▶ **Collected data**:
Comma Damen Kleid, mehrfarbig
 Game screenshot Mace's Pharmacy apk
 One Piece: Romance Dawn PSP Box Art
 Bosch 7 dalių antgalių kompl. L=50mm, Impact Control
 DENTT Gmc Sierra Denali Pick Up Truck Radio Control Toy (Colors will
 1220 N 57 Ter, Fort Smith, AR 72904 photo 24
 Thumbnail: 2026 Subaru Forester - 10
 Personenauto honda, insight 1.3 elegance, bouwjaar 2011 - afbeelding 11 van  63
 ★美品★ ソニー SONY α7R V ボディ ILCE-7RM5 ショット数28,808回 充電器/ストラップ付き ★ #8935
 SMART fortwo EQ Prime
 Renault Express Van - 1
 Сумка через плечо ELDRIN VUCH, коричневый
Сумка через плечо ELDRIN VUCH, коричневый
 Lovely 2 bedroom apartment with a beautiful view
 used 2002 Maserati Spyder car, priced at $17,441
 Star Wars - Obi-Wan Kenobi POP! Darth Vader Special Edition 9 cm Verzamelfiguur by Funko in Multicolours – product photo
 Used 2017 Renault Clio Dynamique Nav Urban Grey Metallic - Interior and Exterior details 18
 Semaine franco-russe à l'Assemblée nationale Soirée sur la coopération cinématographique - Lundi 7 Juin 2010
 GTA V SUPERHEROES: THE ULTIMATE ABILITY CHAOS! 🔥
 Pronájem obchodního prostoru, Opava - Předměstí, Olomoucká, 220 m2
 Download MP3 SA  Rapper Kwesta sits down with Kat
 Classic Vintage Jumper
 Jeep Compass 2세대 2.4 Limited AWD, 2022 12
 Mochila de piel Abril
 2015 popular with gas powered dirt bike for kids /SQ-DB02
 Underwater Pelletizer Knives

▶ **AIM OF THE TASK**: Final part of the records: return the line that contains "One Piece: Romance Dawn PSP Box Art" and every line after it, exactly, with no other lines added.

▶ **WRITTEN ANSWER**:
 One Piece: Romance Dawn PSP Box Art
 Bosch 7 dalių antgalių kompl. L=50mm, Impact Control
 DENTT Gmc Sierra Denali Pick Up Truck Radio Control Toy (Colors will
 1220 N 57 Ter, Fort Smith, AR 72904 photo 24
 Thumbnail: 2026 Subaru Forester - 10
 Personenauto honda, insight 1.3 elegance, bouwjaar 2011 - afbeelding 11 van  63
 ★美品★ ソニー SONY α7R V ボディ ILCE-7RM5 ショット数28,808回 充電器/ストラップ付き ★ #8935
 SMART fortwo EQ Prime
 Renault Express Van - 1
 Сумка через плечо ELDRIN VUCH, коричневый
Сумка через плечо ELDRIN VUCH, коричневый
 Lovely 2 bedroom apartment with a beautiful view
 used 2002 Maserati Spyder car, priced at $17,441
 Star Wars - Obi-Wan Kenobi POP! Darth Vader Special Edition 9 cm Verzamelfiguur by Funko in Multicolours – product photo
 Used 2017 Renault Clio Dynamique Nav Urban Grey Metallic - Interior and Exterior details 18
 Semaine franco-russe à l'Assemblée nationale Soirée sur la coopération cinématographique - Lundi 7 Juin 2010
 GTA V SUPERHEROES: THE ULTIMATE ABILITY CHAOS! 🔥
 Pronájem obchodního prostoru, Opava - Předměstí, Olomoucká, 220 m2
 Download MP3 SA  Rapper Kwesta sits down with Kat
 Classic Vintage Jumper
 Jeep Compass 2세대 2.4 Limited AWD, 2022 12
 Mochila de piel Abril
 2015 popular with gas powered dirt bike for kids /SQ-DB02
 Underwater Pelletizer Knives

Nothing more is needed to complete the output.